What this task involves
The lines below, from the one holding "165 NE 203rd Ter 31, Miami Gardens FL 33179" through the one holding "104 - A 1:48", are to be restated word for word, with all images left out.

Records for processing
+ + + + +

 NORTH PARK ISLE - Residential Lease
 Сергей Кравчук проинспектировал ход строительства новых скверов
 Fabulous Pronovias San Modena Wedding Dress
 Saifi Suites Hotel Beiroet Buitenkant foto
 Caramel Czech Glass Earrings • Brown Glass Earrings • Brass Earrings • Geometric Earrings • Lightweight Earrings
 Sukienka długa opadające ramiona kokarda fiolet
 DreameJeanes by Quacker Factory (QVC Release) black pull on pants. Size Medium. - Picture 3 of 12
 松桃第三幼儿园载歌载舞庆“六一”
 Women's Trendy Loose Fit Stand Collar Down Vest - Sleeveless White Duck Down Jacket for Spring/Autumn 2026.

+ + + + +

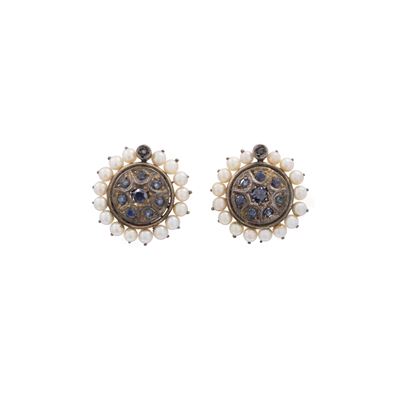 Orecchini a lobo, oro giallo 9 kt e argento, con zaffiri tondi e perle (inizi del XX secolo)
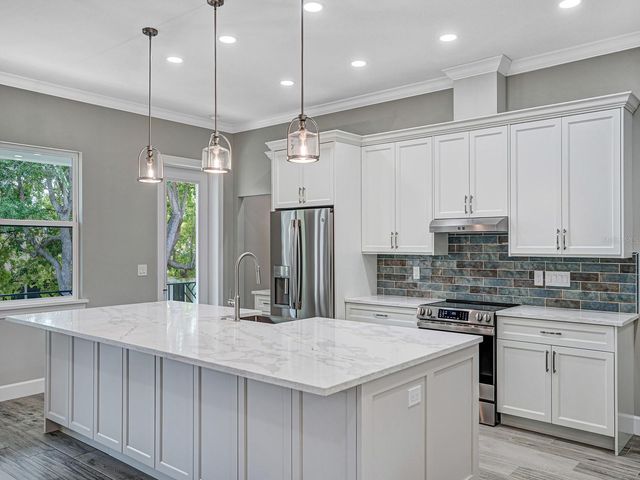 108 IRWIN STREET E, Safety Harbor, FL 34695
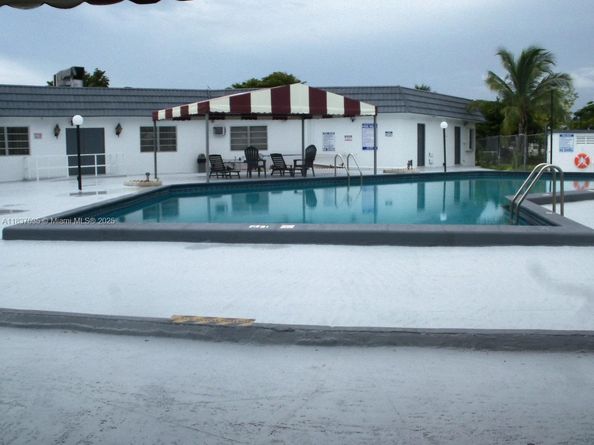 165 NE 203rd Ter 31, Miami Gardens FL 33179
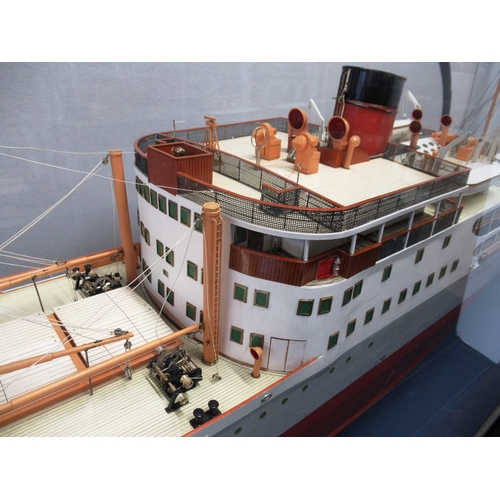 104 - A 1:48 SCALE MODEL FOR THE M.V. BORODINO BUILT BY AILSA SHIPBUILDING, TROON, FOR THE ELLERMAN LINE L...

+ + + + +

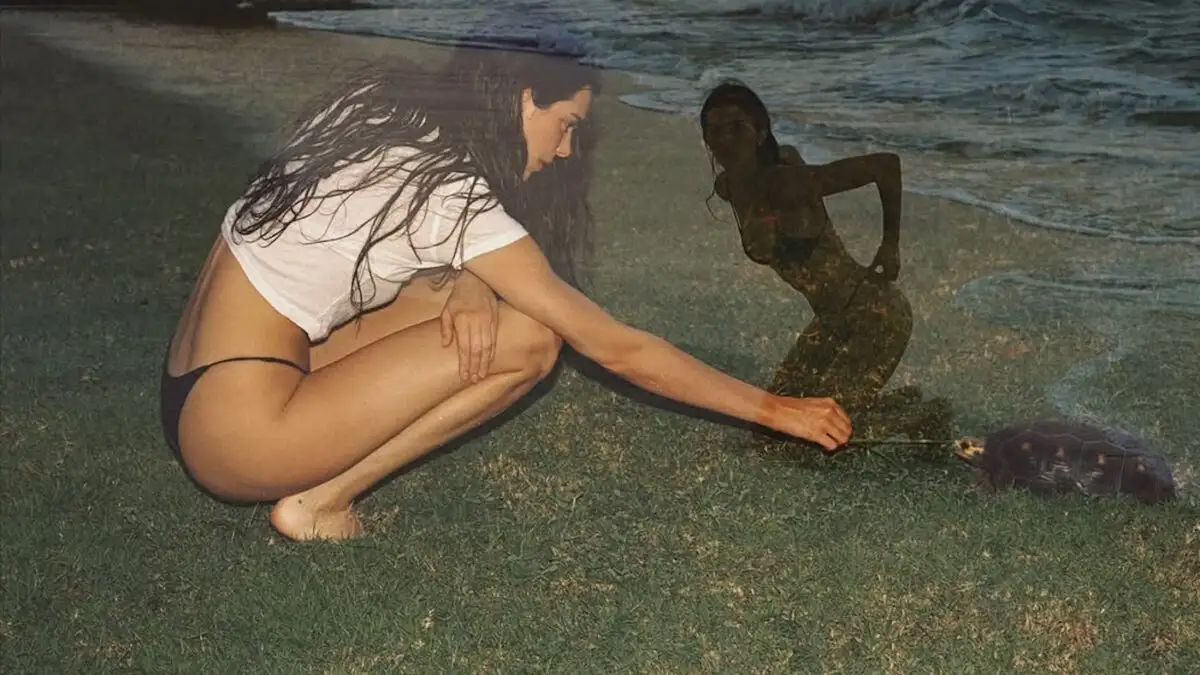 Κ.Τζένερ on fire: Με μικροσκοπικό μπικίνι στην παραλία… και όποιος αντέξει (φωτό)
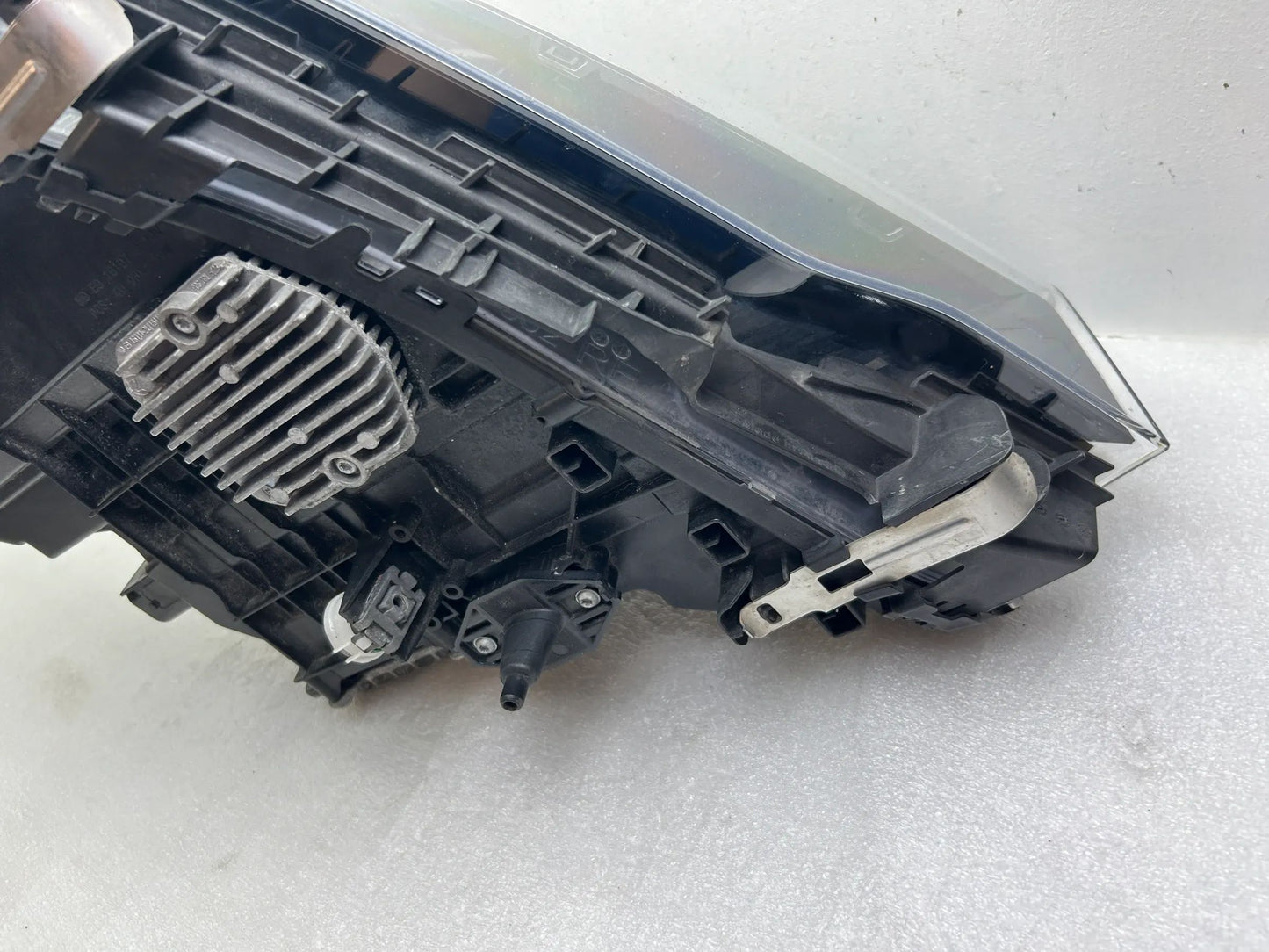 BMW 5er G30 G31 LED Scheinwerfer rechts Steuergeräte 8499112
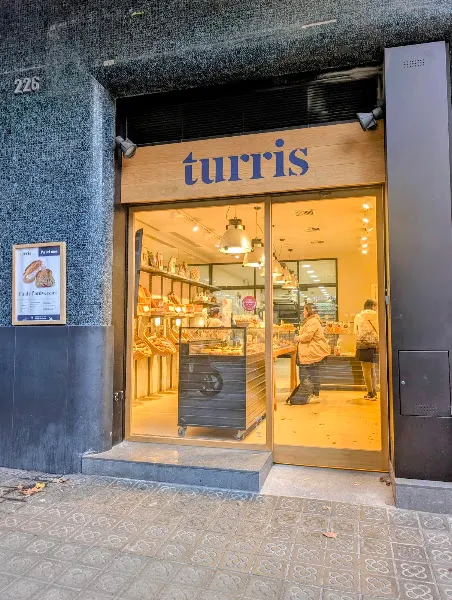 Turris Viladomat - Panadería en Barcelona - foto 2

+ + + + +

Problem solution
 165 NE 203rd Ter 31, Miami Gardens FL 33179
 104 - A 1:48 SCALE MODEL FOR THE M.V. BORODINO BUILT BY AILSA SHIPBUILDING, TROON, FOR THE ELLERMAN LINE L...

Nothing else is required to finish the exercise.